Barrett made reference to her team’s 61-51 win over the Wildcats Feb. 5 in Baton Rouge in a game eerily similar to this one.


In both games, the Lady Tigers took the initiative early and never let go, a theme that clearly got under  Mitchell’s skin in both cases.


Snowden added 17 points for the Wildcats, but was just 6-of-18 from the field.


No one had more than four rebounds for Kentucky.


Senior forward Courtney Jones led LSU with 18 points and seven rebounds.


“We just have to get in the gym and spend a lot of time there this week as we wait and see where our destination will be in the (NCAA) tournament,” Mitchell said. “Today is very disappointing. To win the tournament, you have to play well for three days, and we didn’t do that.
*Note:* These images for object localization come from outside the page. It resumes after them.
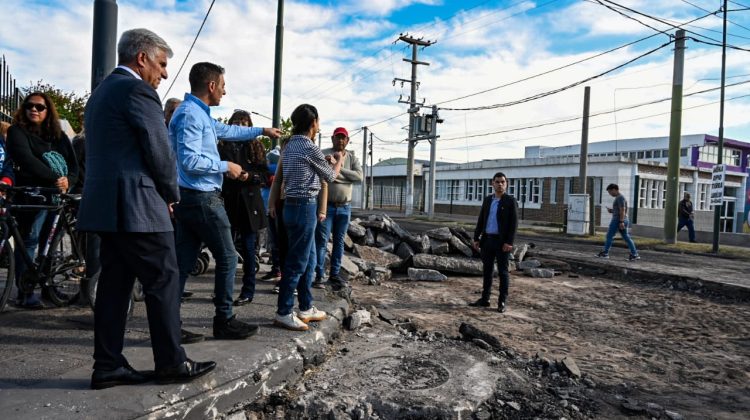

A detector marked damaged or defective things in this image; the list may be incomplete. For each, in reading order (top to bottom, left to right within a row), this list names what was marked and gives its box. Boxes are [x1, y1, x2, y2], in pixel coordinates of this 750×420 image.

pothole [360, 356, 450, 392]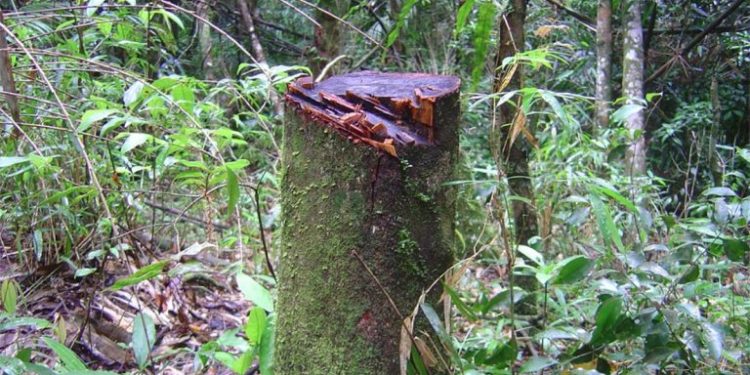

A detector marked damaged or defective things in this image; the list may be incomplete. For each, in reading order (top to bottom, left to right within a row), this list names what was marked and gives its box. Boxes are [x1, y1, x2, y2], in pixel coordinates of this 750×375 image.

splintered wood [288, 71, 464, 157]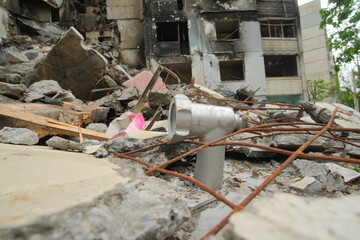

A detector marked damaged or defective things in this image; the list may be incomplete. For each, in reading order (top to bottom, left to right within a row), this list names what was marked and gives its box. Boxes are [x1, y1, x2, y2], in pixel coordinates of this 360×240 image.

shattered window [215, 19, 240, 39]
shattered window [260, 19, 296, 37]
broken concrete slab [0, 46, 28, 65]
broken concrete slab [27, 27, 107, 100]
shattered window [219, 60, 245, 81]
shattered window [264, 54, 298, 76]
broken concrete slab [0, 81, 26, 98]
broken concrete slab [23, 80, 76, 102]
broken concrete slab [124, 70, 169, 95]
broken concrete slab [0, 126, 38, 145]
rusty rebar [201, 108, 338, 239]
broken concrete slab [324, 164, 360, 183]
broken concrete slab [217, 193, 360, 240]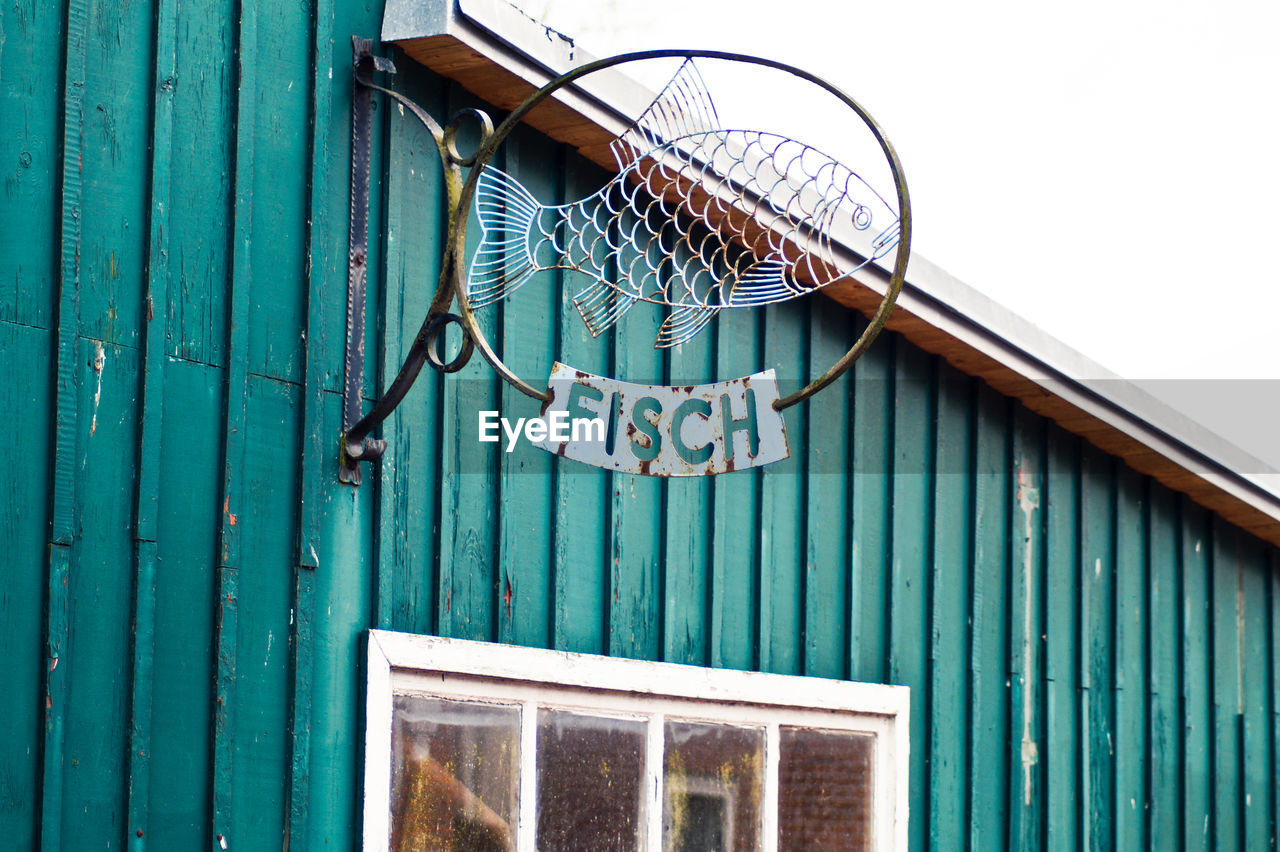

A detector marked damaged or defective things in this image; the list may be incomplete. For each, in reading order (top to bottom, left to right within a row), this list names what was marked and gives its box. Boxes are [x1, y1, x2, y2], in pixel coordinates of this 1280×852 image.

rusty metal sign plate [529, 360, 788, 473]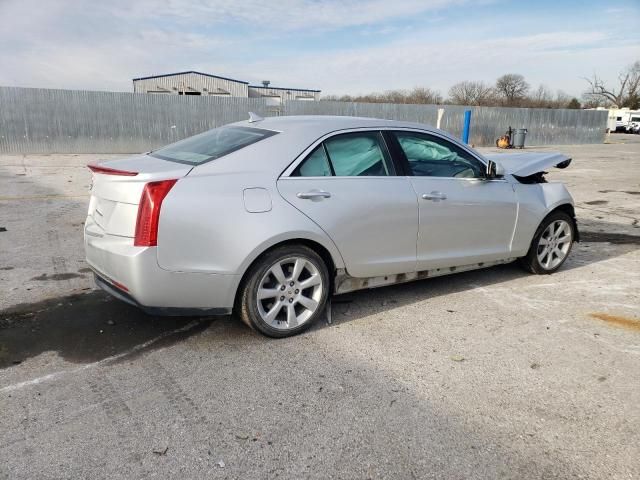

But I think it’s an even greater accomplishment to play the best (in conference) over a 16-game schedule. I’m real proud of the team for being the SEC champions for the regular season, and it’s something we should draw some confidence from.”


Mitchell indicated that he will remind his Wildcats this week that their legacy is still being written.


“Now, as we go forward, we have to decide how special do we want to be,” Mitchell said. “We’re already special. We’ve done something that hasn’t been done in 30 years (win the SEC regular season crown). My hope for them is they are never satisfied with where they are. I think when you do that in life, you have a lot of problems.


“We have a lot left to accomplish.”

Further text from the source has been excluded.